MEVSİMİNDE TÜKETİM ÇOK ÖNEMLİ

Tüm sebze ve meyve gruplarının mevsiminde yenmesi gerektiğini vurgulayan Öztürk, şöyle devam etti: “Mevsimi dışında yer alan gıdalarda ilaç ve hormon gibi maddelerin kullanımı vücudumuza geçiyor ve bu da risk oluşturuyor. Acıbadem Bursa Hastanesi Beslenme ve Diyet Uzmanı Gülay Hamzaoğlu Öztürk çocuklarda son dönemlerde artan hızlı ergenliğe girişin bunun bir göstergesi olduğunu vurguluyor. Kışın domates ve biberden vazgeçemiyor iseniz, kendinize bir derin dondurucu temin edin ve yaz mevsiminden içini mevsim sebzeleri ile doldurun. Kışa sağlıklı hazırlık yapın.”

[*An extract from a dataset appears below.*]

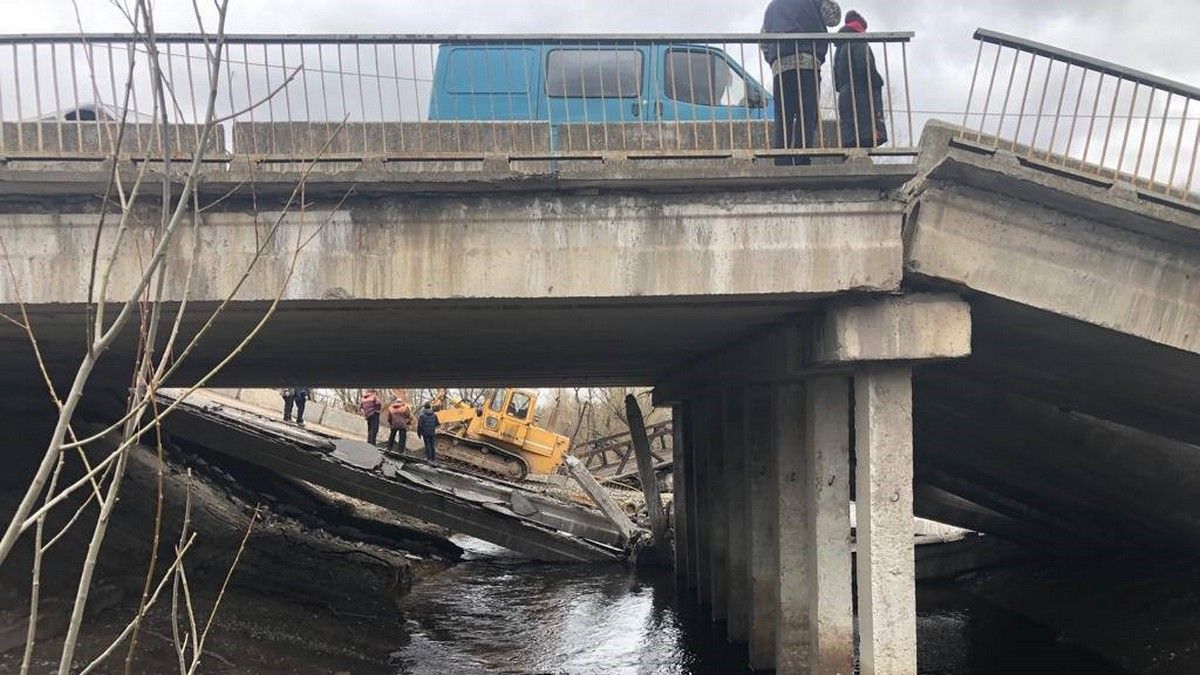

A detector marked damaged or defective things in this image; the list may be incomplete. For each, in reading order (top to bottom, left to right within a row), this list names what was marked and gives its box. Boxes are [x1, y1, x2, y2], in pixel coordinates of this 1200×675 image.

broken concrete edge [648, 290, 974, 403]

Salam, sucuk, sosis gibi koruyucu madde kullanımı gerektiren gıdaları mutfaktan uzaklaştırılması uyarısını yapan Öztürk, sözlerini şöyle sürdürdü: “Vücudumuz iş yaşantısı, yoğun çalışma ortamında sağlıksız beslenme koşulları ve yoğun stresin etkisinde. Bu nedenle vücudun savunmasını sağlaması için ona göre beslenmek çok büyük önem taşıyor. Antioksidan özelliği yüksek gıdalar savunmayı artırmaya yardımcı oluyor. Bu kapsamda domates, havuç, limon, zencefil, sarımsak, koyu yeşil yapraklı sebzeler ve tahıllara soframızda daima yer vermemiz gerekiyor.”

BAĞIŞIKLIK SİSTEMİNİ GÜÇLENDİRİN

Öztürk, şunları dile getirdi: “Yeterli ve dengeli beslenmeyi bir alışkanlık haline getirmek ve tüm yaşantınız boyunca sürdürmeniz önemli. Çeşitli ve renkli sebze-meyvelerin tüketimi kanserle mücadelede son derece büyük rol oynuyor. Tüm besin gruplarından her gün ve dengeli bir şekilde faydalanmak gerekiyor. Kefir, probiyotik yoğurt, çiğ sebze, soğan ve bazı kök bitkilerin tüketimine önem vermek, bunları tüketmeyi unutmamak şart.”
Fazla kilolara dikkat çeken Öztürk, “Sabırsız diyetlerden kaçınılması gerektiğini çünkü bilinçsiz ve ketojenik diyetlerin kanser riskini artırdığını vurguluyor. Mutfağınızdaki düzeni değiştirerek ve doğru şekilde beslenerek size uygun hazırlanmış menülerle kilo kontrolünün sağlanması gerekiyor.” diye konuştu.

İşlenmemiş gıdaların tercih edilmesini öneren Öztürk, tuz şeker ve un konusunda şunları söyledi: “Kanserle mücadelede üç beyazları hayatımızdan çıkarmamız önemli. Tuz ve şeker tüketenlerde kanser görülme riski artıyor. Boş kalori kaynakları olan şeker ve beyaz un kilo alımını da tetiklediği için yağ dokusu çeşitli hastalıkları beraberinde getiriyor.”

Öztürk, ayrıca hareketli yaşamı ve günde 2 litre su tüketilmesini kaydetti.